Au milieu des coriandres épineuses et ciboulettes dont les arômes embaument les allées du marché, Mme da Silva craint qu’il soit difficile « de se faire entendre » d’un gouvernement de militaires et d’ultra-libéraux, où les géants de l’agriculture industrielle brésilienne sont bien représentés.
L’organisation paysanne à laquelle elle appartient, le Mouvement des travailleurs ruraux sans terre (MST) qui organise la foire, est née en 1984. Devenu l’un des plus importants mouvements sociaux d’Amérique latine, il réclame une redistribution des terres cultivables en faveur des petits paysans et une agriculture respectueuse de l’environnement.

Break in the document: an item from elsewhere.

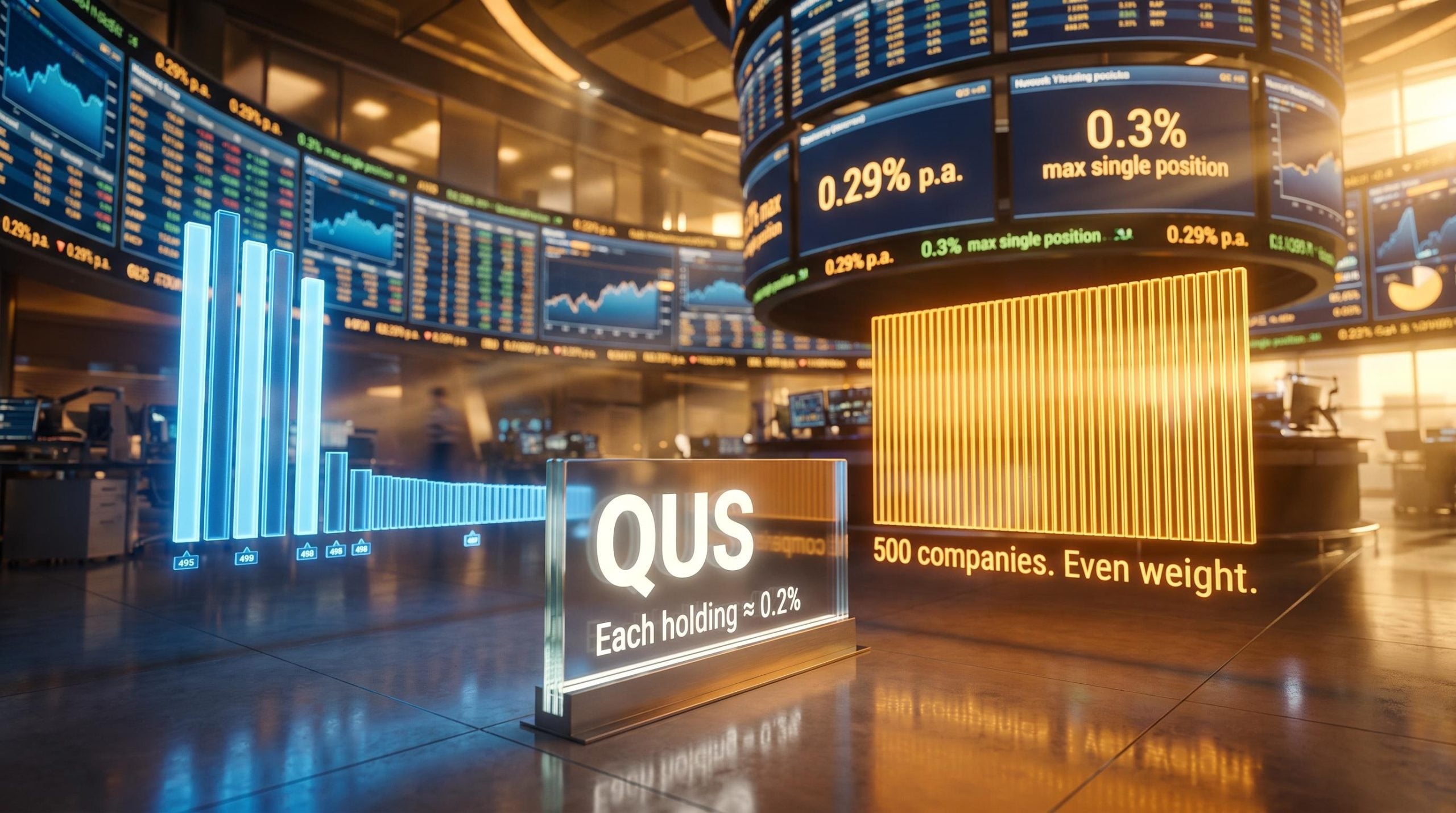 QUS equal-weight ETF structure showing 0.2% per holding across 500 S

Soit l’exact opposé du modèle agricole dominant favorisant les monocultures de soja, maïs et canne à sucre ainsi que l’élevage intensif de bétail, destinés à l’exportation, ce qui renforce la concentration des terres au détriment des petits producteurs.
Cette année, la foire n’a pas reçu d’aide publique. Mais Mme da Silva, installée en périphérie de Rio, se réjouit de l’accueil réservé par les cariocas: « Nous avons eu de très bons retours ».
« Pour nous, c’est important de montrer » que les petits paysans savent « produire en quantité des aliments sains », sans pesticides, explique-t-elle.
Répartition inégale des terres agricoles
« Notre type d’agriculture va déjà à contre-courant de la politique agricole actuelle », dit-elle. L’arrivée en janvier au ministère de l’Agriculture de l’ancienne responsable du lobby de l’agrobusiness à la Chambre des députés, Tereza Cristina da Costa, va rendre « encore plus difficile de faire entendre nos revendications » s’inquiète Mme da Silva.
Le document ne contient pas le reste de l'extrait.